What? The Government is proposing yet another significant increase in the old-age pension (OAP)? Well, blow us down! The reaction didn’t tarry in coming from newspaper/magazine editors probably earning 10, 15 or 20 times the sum proposed. They probably are well worth it, and need it to lead the life of luxury that they have become accustomed to — as are the economists they are quick to quote from.
But OAPs? No, no, no! The poor, old sods can surely manage on the princely sum of Rs 6,210 that they presently receive. So is this government not crazy to propose to increase the OAP Rs 13.500 pm… over the next 5-years?
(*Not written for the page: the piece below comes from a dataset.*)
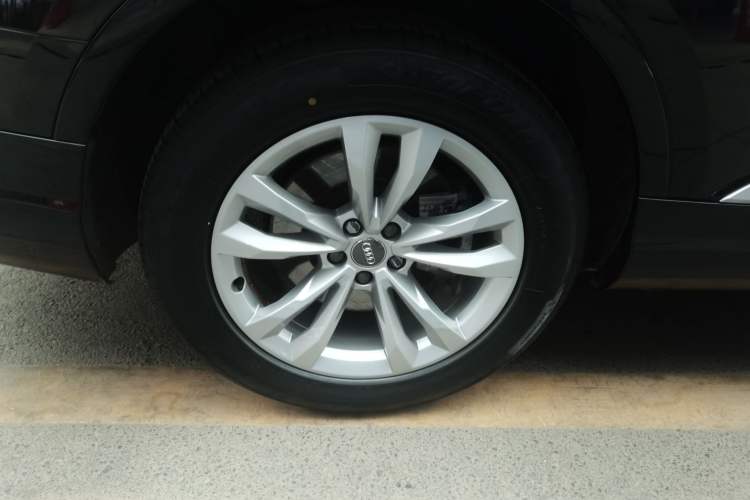 Used Audi Q7 2018 45 TFSI Technology Edition Right Rear Wheel Hub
My friend Keshraj never tires of reminding me that we have every right to criticize, but that is not enough. We must also be prepared to offer solutions. The problem with these vehement critics who have probably been to the big management schools (or have they?) is that they tend to look at only one side of the coin, because that suits their agenda to hammer the government week in and week out. If these pension pundits were endowed with a faintest iota of fair-mindedness, they would suggest to the government that it must also do the blindingly obvious thing. That it must also raise more money too!
I am not about to invent the wheel, because there is no need. Through the ID data bank, the authorities hold personal information on everyone over 18. So they can easily pull out a list and send a Card to all of those who are not making any contribution to the NPF. In order to qualify for the full OAP, they would have to contribute for 35 years. The quantum of the monthly contribution would be set with the help of experienced, independent actuaries.
This simple step would ensure that everyone without exception (sorry Messrs Marchand Ambulant/ goyave-de-Chine/gato mais seller) would be contributing to the NPF, thereby increasing the size of the cake.